União Brasil busca relatoria da PEC da Segurança no Senado
Líder da sigla na Casa Alta diz ter solicitado a relatoria da proposta e ressalta que decisão caberá a Alcolumbre e Otto Alencar
Aprovada pela Câmara dos Deputados na semana passada, a chamada PEC da Segurança Pública, que é uma das prioridades do governo Lula (PT) no Congresso neste semestre, começará agora a tramitar no Senado Federal. E o União Brasil tem o interesse em permanecer na relatoria, segundo o líder da sigla na Casa Alta, Efraim Filho (PB).
“Nós tivemos o relator na Câmara, que foi o ex-ministro [da Educação] Mendonça Filho. Se pudéssemos ficar também com a relatoria no Senado, ajudava a levar esse trabalho à frente”, pontuou o parlamentar, a O Antagonista.
“Eu particularmente fiz o pedido para poder ter a relatoria, mas é uma decisão que ainda vai ser tomada pelo presidente do Senado, Davi Alcolumbre, e pelo presidente Otto [Alencar], da Comissão de Constituição e Justiça”, pontuou.
À reportagem, a assessoria de imprensa de Otto Alencar disse que ele segue de licença-médica devido à cirurgia cardíaca que fez e ainda não retornou aos trabahos no Senado. “A previsão é que ele retorne na proxima semana e só aí que ele vai se pronunciar sobre os projetos que devem passar pela CCJ“, acrescentou.
O substitutivo de Mendonça Filho
A Proposta de Emenda à Constituição da Seguranla Pública foi aprovada pela Câmara na forma do substitutivo apresentado pelo relator, deputado Mendonça Filho (União-PE).
Após pressão do governo e pedido do presidente da Câmara, Hugo Motta (Republicanos-PB), o parlamentar retirou do substitutivo a previsão de que, em 2028, seria realizado um referendo popular referente à redução da maioridade a 16 anos para criminosos envolvidos com crime organizado e crime violento.
Como na versão original da PEC, protocolada pelo governo Lula em abril do ano passado, o substitutivo constitucionaliza o Sistema Único de Segurança Pública (Susp), para que seja superada a fragmentação operacional que permite que o crime transite entre estados com mais facilidade do que o próprio Estado.

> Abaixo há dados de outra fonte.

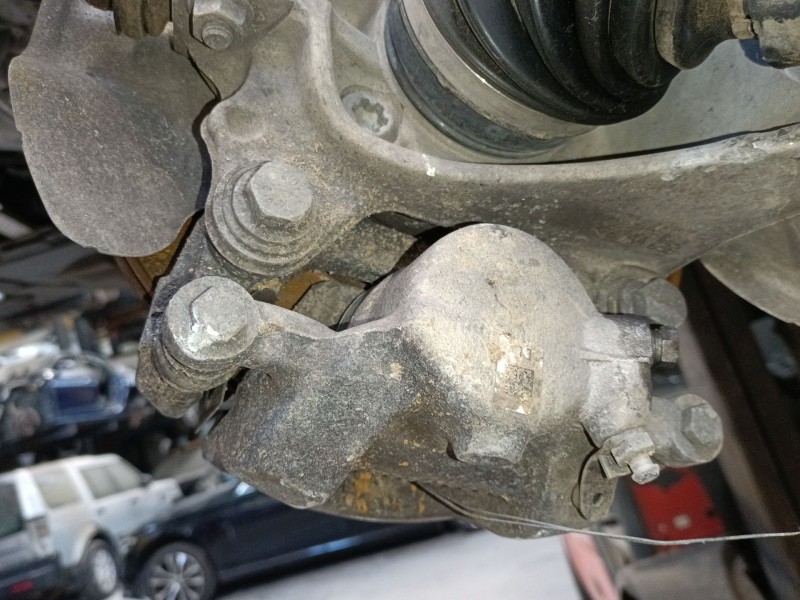 Recambio de pinza freno delantera izquierda para mini mini (f55) cooper referencia OEM IAM   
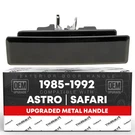 Exterior Rear Driver/passenger Sliding Door Handle, Upgraded Metal - Compatib.... Fixed Price $27.97.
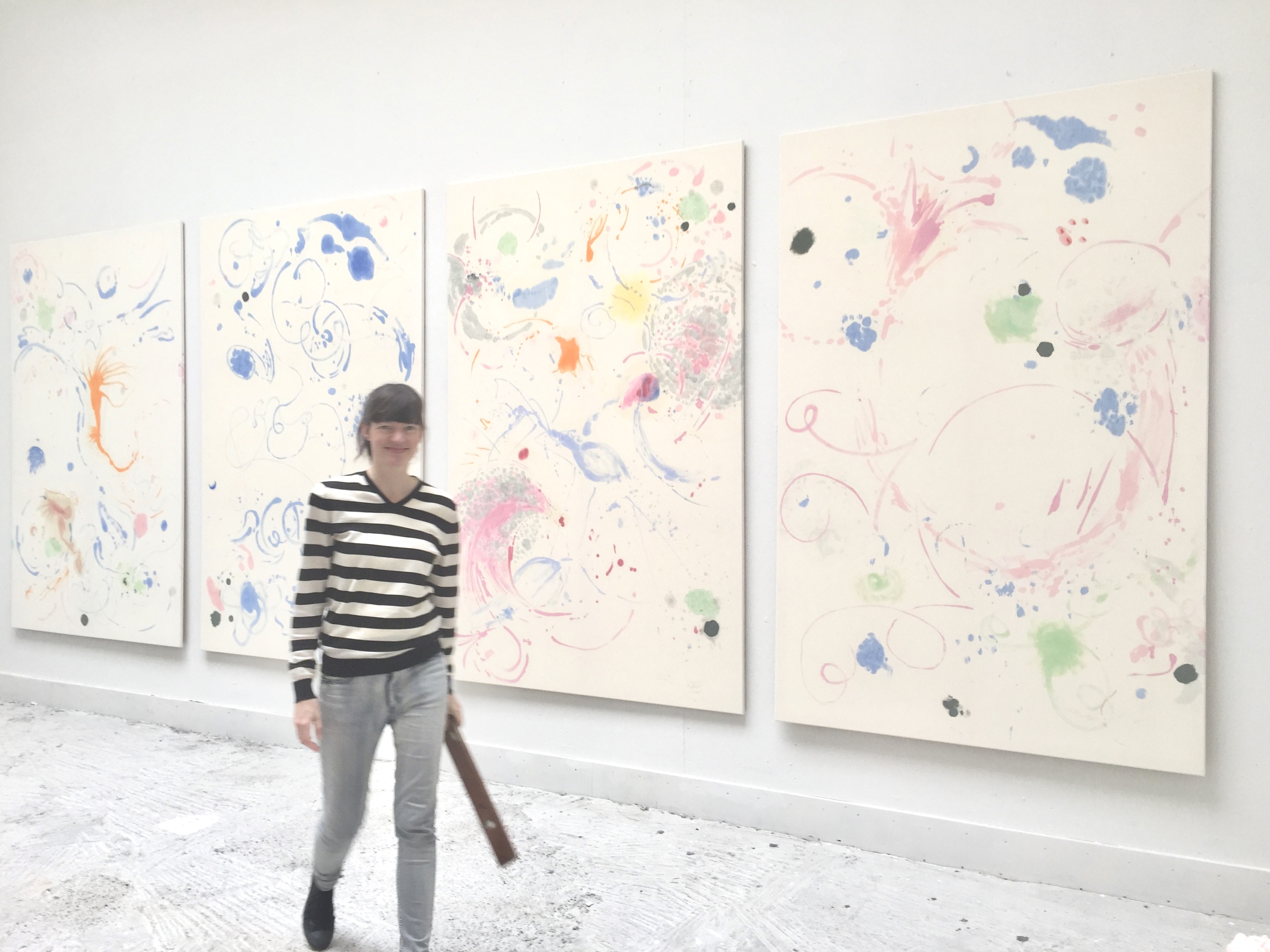 "Between Things", Einraumhaus c/o Mannheim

Mesmo assim, a versão do relator traz uma série de diferenças em relação à original.
“Entendemos que o texto enviado não enfrentou, de forma abrangente, as deficiências estruturais que hoje permitem a expansão do crime organizado. O projeto original manteve um enfoque excessivamente centralizador e tímido, sem fortalecer, plenamente, a capacidade executiva dos estados ou assegurar continuidade orçamentária e coordenação institucional no enfrentamento ao crime”, diz Mendonça Filho, em seu parecer sobre a PEC.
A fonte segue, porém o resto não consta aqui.